Małgorzata Pacholec, prezes Polskiego Związku Niewidomych, mówiła o rehabilitacji jako o szansie na lepsze funkcjonowanie osób niewidomych i słabowidzących.
Zwyrodnienie barwnikowe siatkówki zdiagnozowano u niej, gdy miała 6 lat (50 lat temu). Miała dwadzieścia kilka lat, była nauczycielką, matką, gdy przestała czytać, bo nie widziała liter. Od jednego z lekarzy usłyszała, że ma się zgłosić do Polskiego Związku Niewidomych.
Związek bardzo pomaga, ale…
Zwróciła uwagę, że przy wielu utratach sprawności pacjenci są rehabilitowani, nie wypisuje się ich ze szpitala w niebyt. Tymczasem aż 80% informacji, które pozyskujemy o otoczeniu, pochodzi ze zmysłu wzroku.

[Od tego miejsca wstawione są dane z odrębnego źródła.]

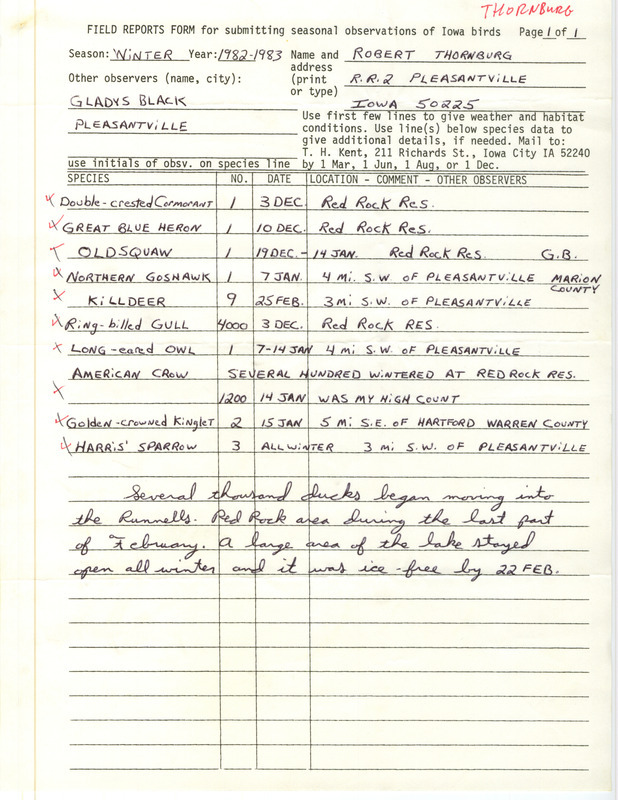 Winter report of birds found in central Iowa contributed by Robert E. Thornburg. This item was used as supporting documentation for the Iowa Ornithologists' Union Quarterly field report of winter 1982-1983.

- Trzeba lekarzom POZ, diabetologom i neurologom dostarczyć wiedzy o profilaktyce i wczesnym wykrywaniu schorzeń wzroku. Wystarczy prosty test Amslera. Na jednym ze spotkań, gdzie byli lekarze różnych specjalności, nikt nie wiedział, co to jest, a co trzeci Polak nie był nigdy u okulisty - mówiła.
Podkreśliła, że w Polsce nie ma systemu opieki rehabilitacyjnej nad osobami, które tracą wzrok albo go już utraciły.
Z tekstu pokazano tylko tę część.